**Input data**
--
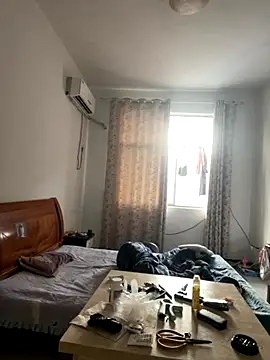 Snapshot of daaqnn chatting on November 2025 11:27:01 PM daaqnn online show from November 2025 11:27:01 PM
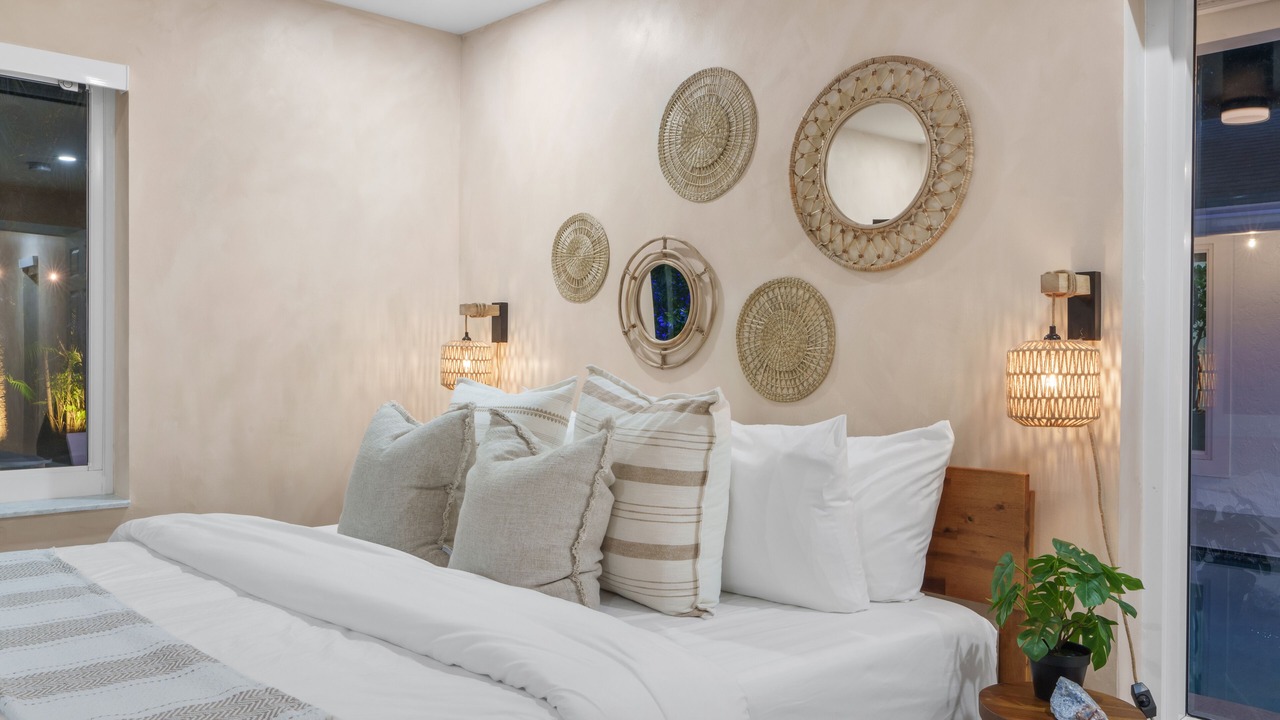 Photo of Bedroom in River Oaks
--
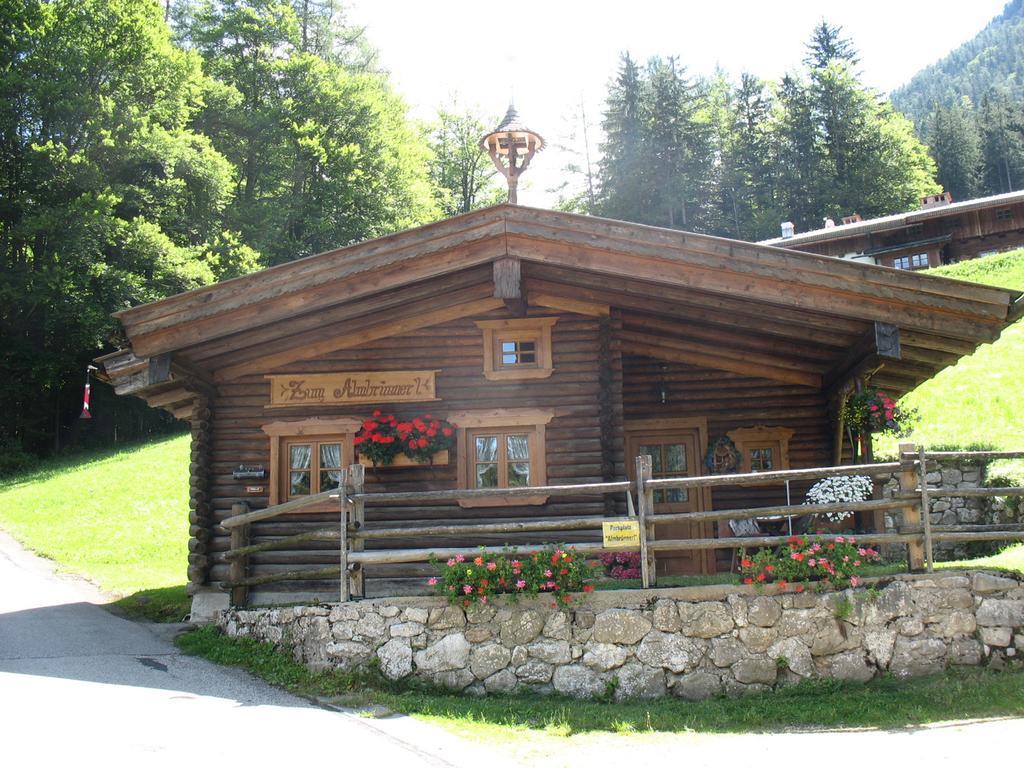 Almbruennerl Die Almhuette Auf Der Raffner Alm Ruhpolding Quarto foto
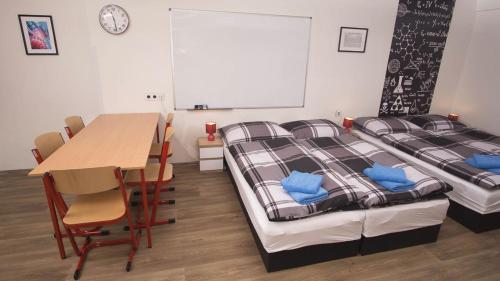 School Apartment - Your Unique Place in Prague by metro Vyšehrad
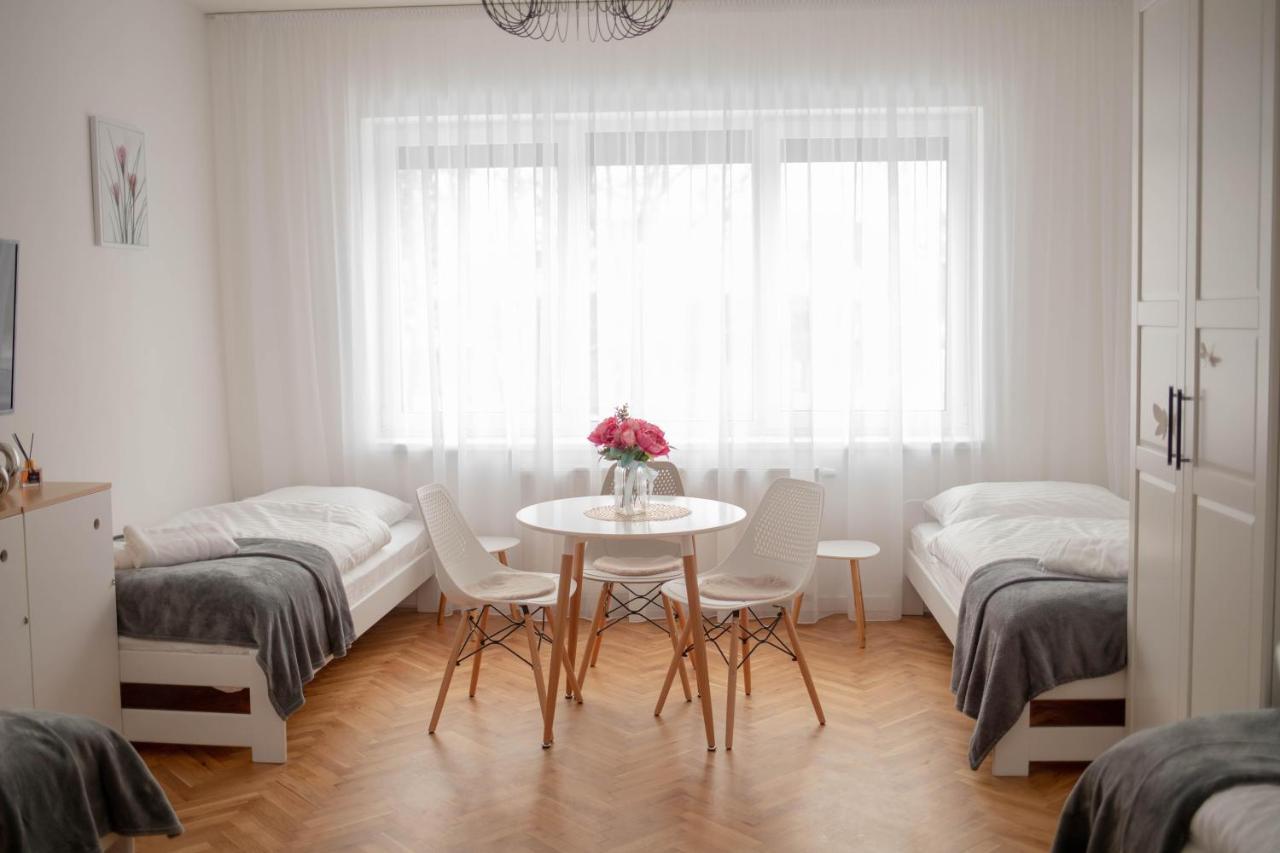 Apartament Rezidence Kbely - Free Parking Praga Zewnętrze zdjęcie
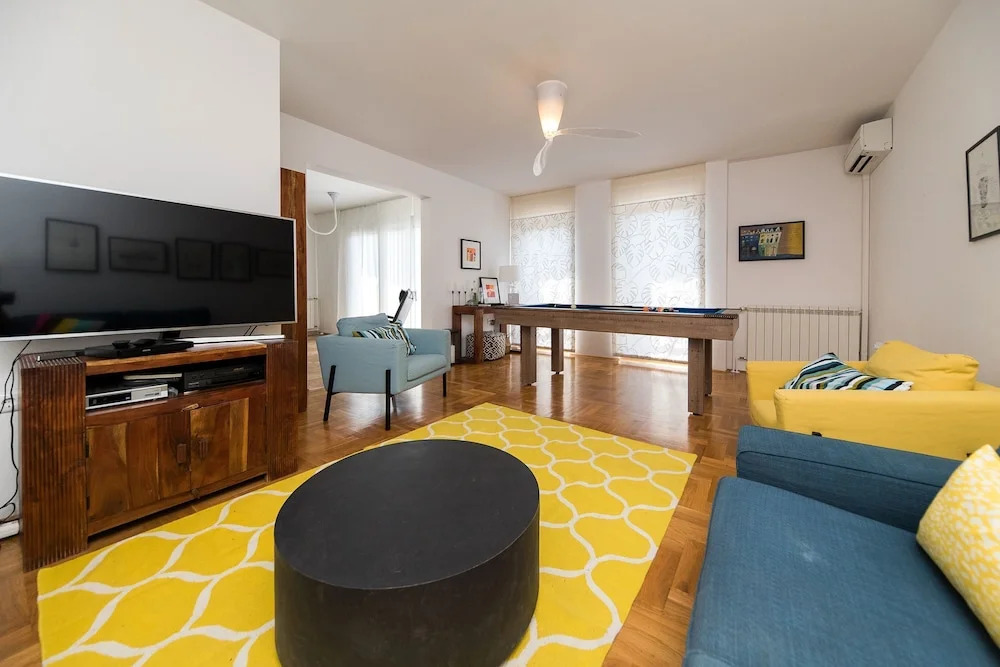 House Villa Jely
--
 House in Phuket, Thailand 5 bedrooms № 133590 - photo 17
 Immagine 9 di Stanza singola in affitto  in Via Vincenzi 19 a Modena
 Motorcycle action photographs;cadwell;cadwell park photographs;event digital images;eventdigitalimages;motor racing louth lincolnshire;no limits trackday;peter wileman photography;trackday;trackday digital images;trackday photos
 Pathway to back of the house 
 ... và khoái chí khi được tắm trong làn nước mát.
--
What are the lines above, starting at the one with "House in Phuket, Thailand" and ending at the one with "làn nước mát."? Give them again exactly, and only them.

**Problem solution**
 House in Phuket, Thailand 5 bedrooms № 133590 - photo 17
 Immagine 9 di Stanza singola in affitto  in Via Vincenzi 19 a Modena
 Motorcycle action photographs;cadwell;cadwell park photographs;event digital images;eventdigitalimages;motor racing louth lincolnshire;no limits trackday;peter wileman photography;trackday;trackday digital images;trackday photos
 Pathway to back of the house 
 ... và khoái chí khi được tắm trong làn nước mát.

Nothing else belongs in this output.